● Task objective:
Excluding any images, copy all of the lines below precisely as written.

● Caption-style text data:
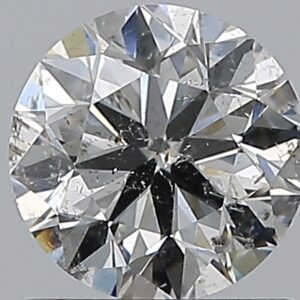 1 carat, F colour, SI2 clarity, Round shape, Natural Diamond.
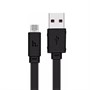 Кабель USB A --> Micro USB 5P (B) 1.0м hoco X5, черный 34895 - фото 13191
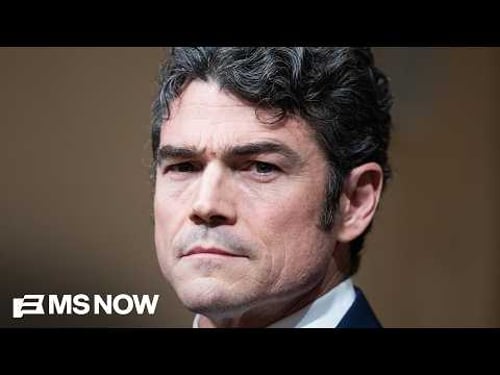 MAGA conspiracy theorist Joe Kent finds red line, quits Trump administration over Iran war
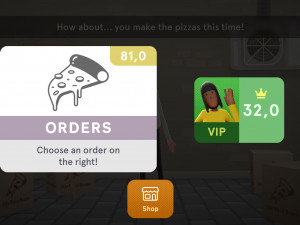 Игра Где Моя Пицца? (Where's My Pizza?) — играть онлайн бесплатно (изображение №5)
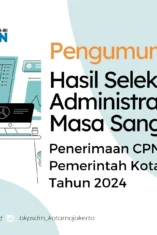 Cek Hasil Seleksi Administrasi IPDN 2026 dan Panduan Masa Sanggah di Portal SSCASN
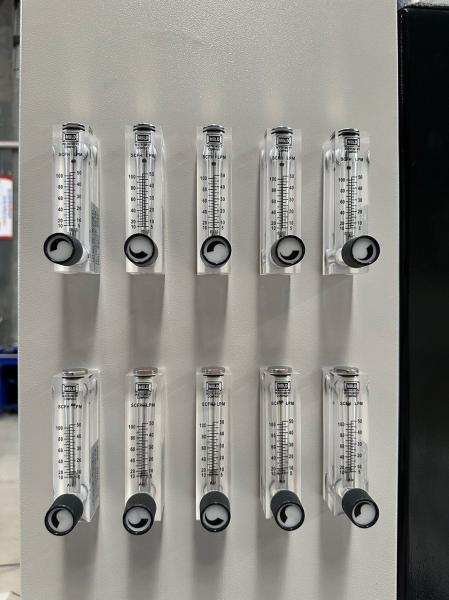 1 Heating Zone Vertical Elevator Furnace For Magnetic Materials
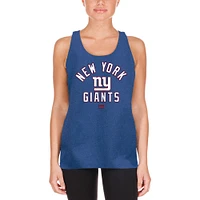 Débardeur New Era Royal York Giants 2024 NFL Training Camp pour femme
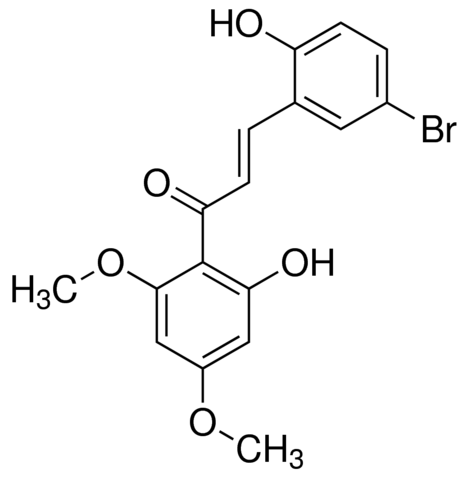 5-bromo-2,2-dihydroxy-4,6-dimethoxychalcone CDS007311-10MG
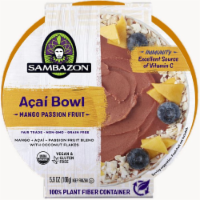 Sambazon Mango Passion Fruit Acai Bowl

● Answer box:
 1 carat, F colour, SI2 clarity, Round shape, Natural Diamond.
 Кабель USB A --> Micro USB 5P (B) 1.0м hoco X5, черный 34895 - фото 13191
 MAGA conspiracy theorist Joe Kent finds red line, quits Trump administration over Iran war
 Игра Где Моя Пицца? (Where's My Pizza?) — играть онлайн бесплатно (изображение №5)
 Cek Hasil Seleksi Administrasi IPDN 2026 dan Panduan Masa Sanggah di Portal SSCASN
 1 Heating Zone Vertical Elevator Furnace For Magnetic Materials
 Débardeur New Era Royal York Giants 2024 NFL Training Camp pour femme
 5-bromo-2,2-dihydroxy-4,6-dimethoxychalcone CDS007311-10MG
 Sambazon Mango Passion Fruit Acai Bowl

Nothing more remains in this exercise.